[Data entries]
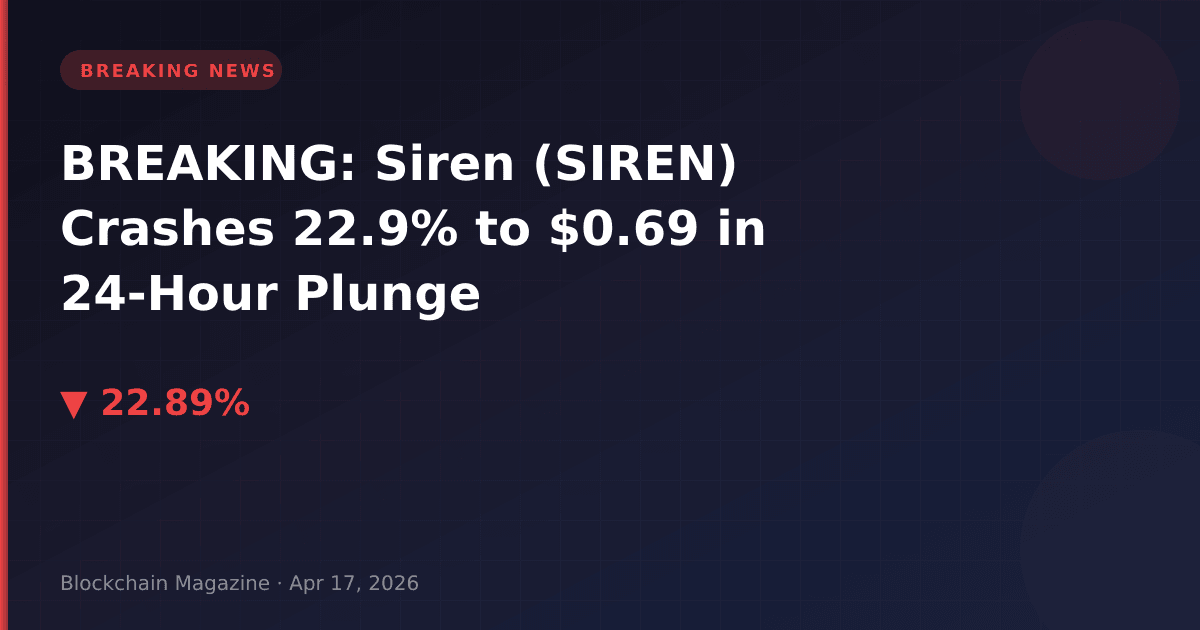Breaking: siren (siren) crashes 22. 9% to $0. 69 in 24-hour plunge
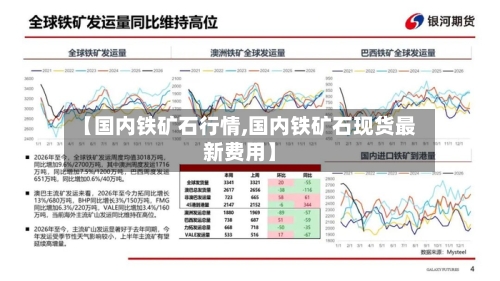 【国内铁矿石行情,国内铁矿石现货最新费用】-第1张图片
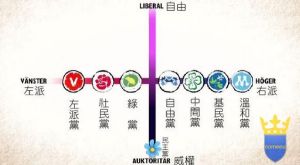 瑞典政黨 瑞典政黨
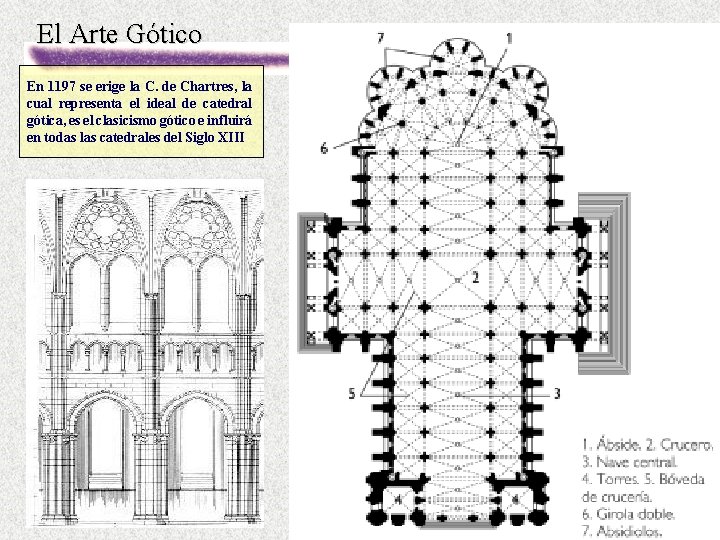El Arte Gótico En 1197 se erige la C. de Chartres, la cual representa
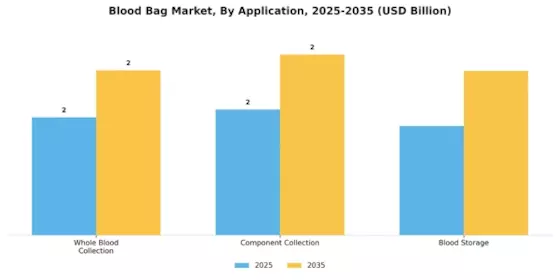 Blood Bag Market Segment Image 0
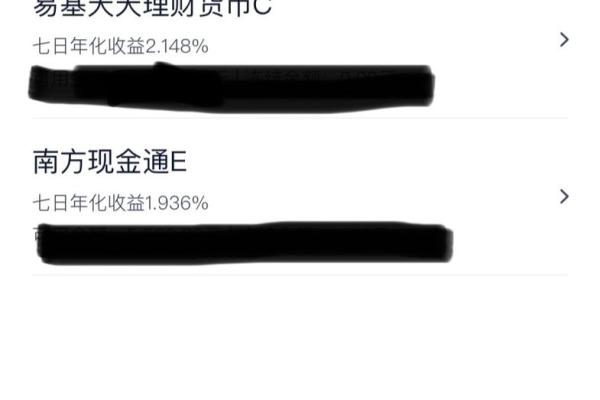 7日年化收益率是什么意思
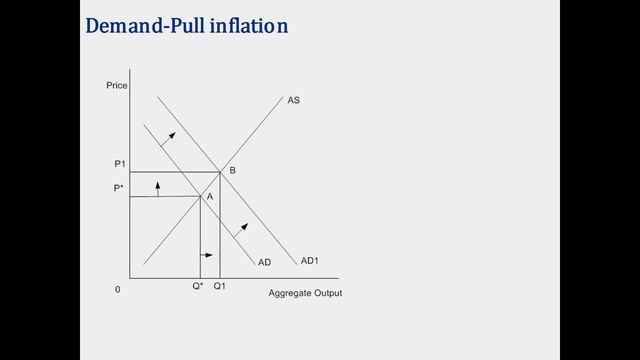 Macroeconomic Instability смотреть онлайн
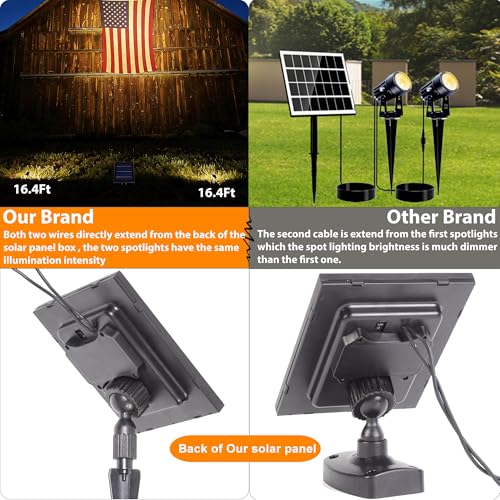 SUNLONG Solar-Powered Cast Aluminium Warm White LED Spotlight for Outdoor Garden Yard Landscape Tree Uplight Downlight - Image 5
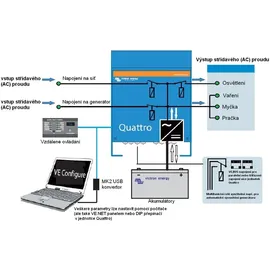Victron Energy Quattro 48/10000/140-100/100 Wechselrichter/Ladegerät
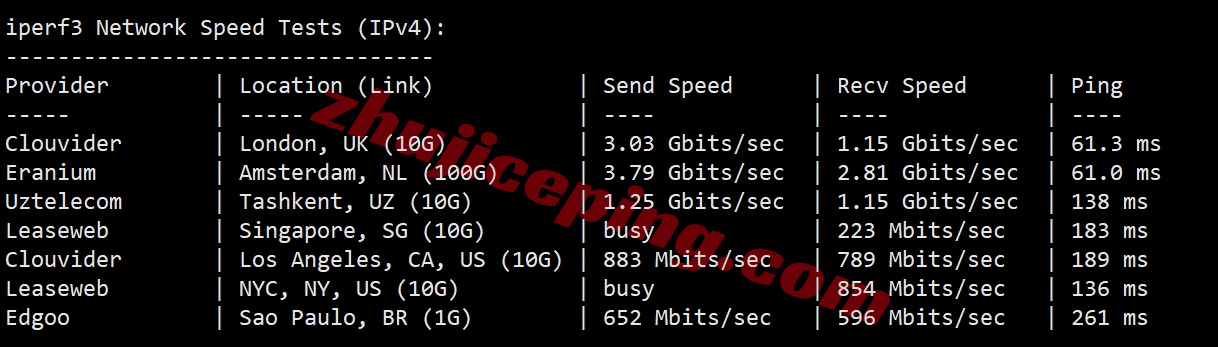zlcair11 zenlayer埃及云服务器测评，大带宽/解锁TikTok/Chatgpt等热门流媒体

• EXERCISE GOAL
Begin at the first line of the data above and repeat each line exactly, stopping after the line containing "Macroeconomic Instability смотреть онлайн". Omit the pictures.

• RESULT OF THE EXERCISE
Breaking: siren (siren) crashes 22. 9% to $0. 69 in 24-hour plunge
 【国内铁矿石行情,国内铁矿石现货最新费用】-第1张图片
 瑞典政黨 瑞典政黨
El Arte Gótico En 1197 se erige la C. de Chartres, la cual representa
 Blood Bag Market Segment Image 0
 7日年化收益率是什么意思
 Macroeconomic Instability смотреть онлайн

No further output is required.